# How to complete this task
Below is some data. Retype exactly the lines starting at the one with "kelvo® DIAMOND KLV-101-0236-V2" and ending at the one with "New Zealand Maori".

# Data for review
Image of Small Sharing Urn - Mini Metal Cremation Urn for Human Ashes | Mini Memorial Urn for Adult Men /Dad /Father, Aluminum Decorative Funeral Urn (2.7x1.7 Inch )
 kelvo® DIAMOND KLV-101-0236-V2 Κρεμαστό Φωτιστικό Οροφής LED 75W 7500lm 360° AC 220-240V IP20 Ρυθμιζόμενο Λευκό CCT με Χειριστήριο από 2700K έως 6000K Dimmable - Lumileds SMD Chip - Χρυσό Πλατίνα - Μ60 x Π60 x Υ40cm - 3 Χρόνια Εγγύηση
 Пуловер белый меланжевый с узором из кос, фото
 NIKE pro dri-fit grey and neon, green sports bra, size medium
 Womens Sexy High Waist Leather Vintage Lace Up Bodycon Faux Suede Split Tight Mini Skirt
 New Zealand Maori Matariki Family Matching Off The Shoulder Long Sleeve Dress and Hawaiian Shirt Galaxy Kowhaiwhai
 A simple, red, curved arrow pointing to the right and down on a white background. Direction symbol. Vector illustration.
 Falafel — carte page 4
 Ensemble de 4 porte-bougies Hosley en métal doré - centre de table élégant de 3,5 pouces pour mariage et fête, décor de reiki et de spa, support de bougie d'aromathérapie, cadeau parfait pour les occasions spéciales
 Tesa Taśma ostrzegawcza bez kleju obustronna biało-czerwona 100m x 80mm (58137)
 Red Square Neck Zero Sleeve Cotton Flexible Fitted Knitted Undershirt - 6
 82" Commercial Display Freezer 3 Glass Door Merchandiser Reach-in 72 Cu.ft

# Task output
 kelvo® DIAMOND KLV-101-0236-V2 Κρεμαστό Φωτιστικό Οροφής LED 75W 7500lm 360° AC 220-240V IP20 Ρυθμιζόμενο Λευκό CCT με Χειριστήριο από 2700K έως 6000K Dimmable - Lumileds SMD Chip - Χρυσό Πλατίνα - Μ60 x Π60 x Υ40cm - 3 Χρόνια Εγγύηση
 Пуловер белый меланжевый с узором из кос, фото
 NIKE pro dri-fit grey and neon, green sports bra, size medium
 Womens Sexy High Waist Leather Vintage Lace Up Bodycon Faux Suede Split Tight Mini Skirt
 New Zealand Maori Matariki Family Matching Off The Shoulder Long Sleeve Dress and Hawaiian Shirt Galaxy Kowhaiwhai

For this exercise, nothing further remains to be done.